Check the health endpoint using `wget`

The Boundary Docker image includes wget. You can use it to check the health endpoint. Enterprise and Community edition users can check the health of controllers and workers. HCP Boundary users can check the health of their self-managed workers.

Use the following command to check a worker's status to determine if it is healthy:

$ wget -q -O - http://localhost:9203/health?worker_info=1 | grep -c 'READY'

-q - Prints the response instead of saving it to a file.
-0 - Allows Boundary to pass the worker's URL.

If the command prints 1 to stdout or exits with exit code 0, it means the worker is healthy. If the exit code is greater than 0, the worker is unhealthy.

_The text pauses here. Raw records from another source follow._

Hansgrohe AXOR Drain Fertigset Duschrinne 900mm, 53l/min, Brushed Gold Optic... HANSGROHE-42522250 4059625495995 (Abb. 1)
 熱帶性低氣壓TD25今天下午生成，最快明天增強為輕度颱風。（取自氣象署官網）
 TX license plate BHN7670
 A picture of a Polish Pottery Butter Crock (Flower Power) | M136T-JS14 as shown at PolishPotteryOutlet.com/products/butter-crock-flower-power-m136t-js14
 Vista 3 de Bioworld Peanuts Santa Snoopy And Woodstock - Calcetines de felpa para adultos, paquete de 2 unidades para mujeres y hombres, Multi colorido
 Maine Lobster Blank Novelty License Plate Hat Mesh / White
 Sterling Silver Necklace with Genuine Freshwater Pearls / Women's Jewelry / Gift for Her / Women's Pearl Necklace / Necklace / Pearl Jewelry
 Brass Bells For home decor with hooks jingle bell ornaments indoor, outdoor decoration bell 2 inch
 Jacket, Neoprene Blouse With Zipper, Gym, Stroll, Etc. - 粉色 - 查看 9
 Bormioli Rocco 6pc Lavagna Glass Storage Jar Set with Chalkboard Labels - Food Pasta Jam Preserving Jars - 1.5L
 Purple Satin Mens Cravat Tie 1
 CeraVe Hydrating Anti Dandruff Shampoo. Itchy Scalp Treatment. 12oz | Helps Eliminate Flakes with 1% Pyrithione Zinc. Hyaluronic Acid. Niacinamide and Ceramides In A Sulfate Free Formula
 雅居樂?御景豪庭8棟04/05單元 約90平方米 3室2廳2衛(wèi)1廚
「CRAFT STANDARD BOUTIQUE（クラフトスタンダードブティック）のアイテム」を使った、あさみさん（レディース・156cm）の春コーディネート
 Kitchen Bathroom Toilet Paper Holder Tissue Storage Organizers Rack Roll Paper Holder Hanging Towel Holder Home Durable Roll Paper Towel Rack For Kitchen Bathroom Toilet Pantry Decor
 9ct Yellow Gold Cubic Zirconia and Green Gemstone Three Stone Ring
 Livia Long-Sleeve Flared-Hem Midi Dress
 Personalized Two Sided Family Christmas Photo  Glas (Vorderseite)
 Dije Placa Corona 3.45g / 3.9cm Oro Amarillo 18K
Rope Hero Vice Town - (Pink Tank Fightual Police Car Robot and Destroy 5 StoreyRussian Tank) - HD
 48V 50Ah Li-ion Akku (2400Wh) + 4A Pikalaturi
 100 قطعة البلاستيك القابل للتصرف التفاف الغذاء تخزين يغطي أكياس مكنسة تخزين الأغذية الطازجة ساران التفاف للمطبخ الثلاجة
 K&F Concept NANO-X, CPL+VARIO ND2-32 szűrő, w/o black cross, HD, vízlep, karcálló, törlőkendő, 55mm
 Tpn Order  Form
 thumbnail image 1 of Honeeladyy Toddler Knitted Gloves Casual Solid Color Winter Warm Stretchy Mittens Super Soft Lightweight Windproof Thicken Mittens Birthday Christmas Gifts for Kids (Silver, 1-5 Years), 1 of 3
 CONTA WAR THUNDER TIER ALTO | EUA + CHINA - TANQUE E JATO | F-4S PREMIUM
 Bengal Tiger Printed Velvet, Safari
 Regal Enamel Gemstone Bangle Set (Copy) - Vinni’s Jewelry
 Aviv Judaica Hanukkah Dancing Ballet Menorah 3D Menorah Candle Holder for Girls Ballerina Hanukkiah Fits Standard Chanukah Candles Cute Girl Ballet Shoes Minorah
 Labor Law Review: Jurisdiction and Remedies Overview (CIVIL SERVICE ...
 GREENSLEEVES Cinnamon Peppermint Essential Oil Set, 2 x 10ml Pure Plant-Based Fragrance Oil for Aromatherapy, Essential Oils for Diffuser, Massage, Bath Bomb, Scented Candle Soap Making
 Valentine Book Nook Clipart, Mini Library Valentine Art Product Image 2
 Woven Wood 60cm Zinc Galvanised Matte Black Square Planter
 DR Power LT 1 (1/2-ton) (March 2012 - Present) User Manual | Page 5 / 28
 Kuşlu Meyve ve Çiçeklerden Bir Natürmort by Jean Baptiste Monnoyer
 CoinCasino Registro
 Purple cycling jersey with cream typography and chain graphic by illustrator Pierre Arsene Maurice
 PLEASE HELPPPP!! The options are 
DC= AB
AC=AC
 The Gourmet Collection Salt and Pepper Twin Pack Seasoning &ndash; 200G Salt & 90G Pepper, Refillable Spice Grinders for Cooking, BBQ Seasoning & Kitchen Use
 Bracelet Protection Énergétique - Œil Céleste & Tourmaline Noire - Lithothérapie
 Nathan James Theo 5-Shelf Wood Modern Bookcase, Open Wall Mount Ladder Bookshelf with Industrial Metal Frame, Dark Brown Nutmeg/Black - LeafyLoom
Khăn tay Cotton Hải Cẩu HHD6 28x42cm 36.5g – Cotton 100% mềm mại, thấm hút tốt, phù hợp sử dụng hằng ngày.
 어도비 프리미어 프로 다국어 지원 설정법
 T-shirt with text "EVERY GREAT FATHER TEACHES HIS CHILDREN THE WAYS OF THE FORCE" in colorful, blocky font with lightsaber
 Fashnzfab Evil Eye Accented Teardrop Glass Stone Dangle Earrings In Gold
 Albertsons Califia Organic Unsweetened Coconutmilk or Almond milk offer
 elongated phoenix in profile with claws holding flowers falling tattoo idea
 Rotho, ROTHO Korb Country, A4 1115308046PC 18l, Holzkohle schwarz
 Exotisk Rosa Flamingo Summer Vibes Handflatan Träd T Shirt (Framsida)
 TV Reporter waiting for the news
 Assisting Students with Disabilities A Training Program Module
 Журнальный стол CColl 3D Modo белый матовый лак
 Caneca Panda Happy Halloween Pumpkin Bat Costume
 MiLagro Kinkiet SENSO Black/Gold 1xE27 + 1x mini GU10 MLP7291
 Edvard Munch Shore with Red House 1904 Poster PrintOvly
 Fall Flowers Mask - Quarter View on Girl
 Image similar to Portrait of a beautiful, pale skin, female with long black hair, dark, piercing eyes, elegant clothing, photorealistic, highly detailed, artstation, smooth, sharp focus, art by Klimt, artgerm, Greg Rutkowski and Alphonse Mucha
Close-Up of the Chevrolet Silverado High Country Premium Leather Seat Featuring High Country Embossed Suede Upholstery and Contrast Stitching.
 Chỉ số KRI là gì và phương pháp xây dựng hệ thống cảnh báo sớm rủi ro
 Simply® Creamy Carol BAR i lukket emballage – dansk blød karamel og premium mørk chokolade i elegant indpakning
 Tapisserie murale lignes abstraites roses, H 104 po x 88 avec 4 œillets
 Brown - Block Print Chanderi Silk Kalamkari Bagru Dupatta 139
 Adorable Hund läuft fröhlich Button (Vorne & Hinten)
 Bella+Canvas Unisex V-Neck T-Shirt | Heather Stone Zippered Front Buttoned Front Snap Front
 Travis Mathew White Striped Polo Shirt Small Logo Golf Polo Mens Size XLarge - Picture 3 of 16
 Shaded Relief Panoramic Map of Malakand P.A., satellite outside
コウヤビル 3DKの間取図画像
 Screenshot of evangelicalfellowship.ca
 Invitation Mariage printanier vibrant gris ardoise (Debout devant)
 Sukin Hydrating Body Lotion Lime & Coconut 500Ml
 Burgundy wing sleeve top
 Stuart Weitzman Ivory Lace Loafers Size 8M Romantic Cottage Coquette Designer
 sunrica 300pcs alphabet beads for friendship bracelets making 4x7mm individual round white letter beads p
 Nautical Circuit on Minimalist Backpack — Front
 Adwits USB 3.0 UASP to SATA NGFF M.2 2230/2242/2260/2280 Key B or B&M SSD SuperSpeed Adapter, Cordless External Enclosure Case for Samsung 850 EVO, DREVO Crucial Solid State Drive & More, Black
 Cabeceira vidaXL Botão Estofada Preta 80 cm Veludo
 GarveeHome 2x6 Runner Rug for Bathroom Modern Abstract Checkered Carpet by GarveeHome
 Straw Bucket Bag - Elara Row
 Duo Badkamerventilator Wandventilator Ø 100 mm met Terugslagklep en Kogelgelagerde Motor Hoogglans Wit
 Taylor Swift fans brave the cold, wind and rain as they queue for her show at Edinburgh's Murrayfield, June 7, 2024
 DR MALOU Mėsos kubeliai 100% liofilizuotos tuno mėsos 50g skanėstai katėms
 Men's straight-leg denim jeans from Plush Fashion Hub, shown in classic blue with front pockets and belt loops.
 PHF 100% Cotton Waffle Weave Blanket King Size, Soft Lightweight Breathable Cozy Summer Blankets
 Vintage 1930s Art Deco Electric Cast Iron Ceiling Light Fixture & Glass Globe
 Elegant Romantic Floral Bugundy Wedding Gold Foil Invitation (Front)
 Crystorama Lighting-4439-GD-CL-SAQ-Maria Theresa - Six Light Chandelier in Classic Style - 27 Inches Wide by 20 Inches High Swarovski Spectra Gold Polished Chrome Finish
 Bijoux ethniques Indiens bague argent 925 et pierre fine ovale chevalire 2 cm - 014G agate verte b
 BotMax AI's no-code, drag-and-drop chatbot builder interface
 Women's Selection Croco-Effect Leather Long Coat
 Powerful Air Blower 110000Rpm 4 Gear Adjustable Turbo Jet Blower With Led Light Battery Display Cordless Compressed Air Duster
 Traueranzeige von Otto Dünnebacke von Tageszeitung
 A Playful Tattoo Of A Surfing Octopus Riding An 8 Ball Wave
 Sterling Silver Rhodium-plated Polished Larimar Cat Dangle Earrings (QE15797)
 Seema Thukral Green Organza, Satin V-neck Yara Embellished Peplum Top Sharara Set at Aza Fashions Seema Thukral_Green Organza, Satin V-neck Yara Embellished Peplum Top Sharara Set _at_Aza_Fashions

You can also use the following command without grep -c 'READY' to print a more verbose response that includes the worker's state, active session count, and connection state:

$ wget -q -O - http://localhost:9203/health?worker_info=1

Example response

When you check the health endpoint using wget, Boundary returns a response with the following worker information:

$ wget -q -O - http://localhost:9203/health?worker_info=1 | grep -c 'READY'{"worker_process_info":{"state":"active", "active_session_count":0, "upstream_connection_state":"READY"}}

When you check the health endpoint using curl, Boundary returns a response with the following worker information:

$ curl "worker:9403/health?worker_info=1"{   "worker_process_info":{      "state":"active",      "active_session_count":0,      "upstream_connection_state":"READY"   }}

The response contains the following fields:

state - The operational state of the worker. Possible worker states include active, shutdown, and unknown.
active_session_count - The number of active sessions on the worker.
upstream_connection_state - The connection state of the worker. This value indicates whether the worker can connect to an upstream address or connection. It can be any of the following states:
- CONNECTING - The channel is trying to make a connection and is waiting for name resolution or the connection establishment.
- READY - The channel has successfully established a connection, and any attempts to communicate have succeeded.
- TRANSIENT_FAILURE - The channel suffered a transient failure such as a time out or socket error. A channel in this state will switch to the CONNECTING state and try to establish a connection.
- IDLE - The channel is not attempting to create a connection because there are no calls.
- SHUTDOWN - The channel is shutting down. Any new calls fail immediately. Pending calls may continue running until Boundary cancels them.

Example configuration

Health checks are available for a controller defined with a purpose = "ops" listener stanza. For details on what fields are allowed in this stanza, refer to the documentation about TCP Listener.

An example listener stanza:

controller {  name = "boundary-controller"  database {      url = "postgresql://<username>:<password>@10.0.0.1:5432/<database_name>"  }} listener "tcp" {    purpose = "api"    tls_disable = true} listener "tcp" {    purpose = "ops"    tls_disable = true}

To enable a shutdown grace period, update the controller block with a defined wait duration:

controller {  name = "boundary-controller"  database {      url = "env://BOUNDARY_PG_URL"  }  graceful_shutdown_wait_duration = "10s"}

A complete example can be found under the Controller configuration docs.